In streamvln/dataset/vln_action_dataset.py, line 657 calculates num_rounds using floor division (//):
num_rounds = (actions_len - valid_idx) // self.num_frames
Then it iterates over range(num_rounds + 1) and skips the last empty window (when n * self.num_frames == actions_len - valid_idx), which results in only num_rounds samples being added per episode.
This means:
For any episode where (actions_len - valid_idx) % self.num_frames != 0, the final action segment (including the STOP step) is discarded entirely.
The training set loses a large number of STOP signals, so the agent never sees enough examples of when to stop during navigation.

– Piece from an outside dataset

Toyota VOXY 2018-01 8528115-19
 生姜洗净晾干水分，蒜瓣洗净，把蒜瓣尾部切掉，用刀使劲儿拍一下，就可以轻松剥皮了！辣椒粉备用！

This could lead to the agent failing to stop at the target during inference, severely hurting navigation success rates and SPL metrics.
Example
actions_len - valid_idx = 87
self.num_frames = 32
num_rounds = 87 // 32 = 2
Only windows 0~31 and 32~63 are kept; the final segment 64~87 (including STOP) is lost.
Suggested Fix
Instead of discarding the final segment, we should use ceiling division to keep all action segments (including the last partial one) and pad shorter segments to self.num_frames length during collation. This way:
No action/STOP steps are discarded
The agent can learn to recognize and execute the STOP signal
Training stability is maintained via padding
Could we modify the sampling logic to preserve all action segments (including partial ones) instead of using floor division?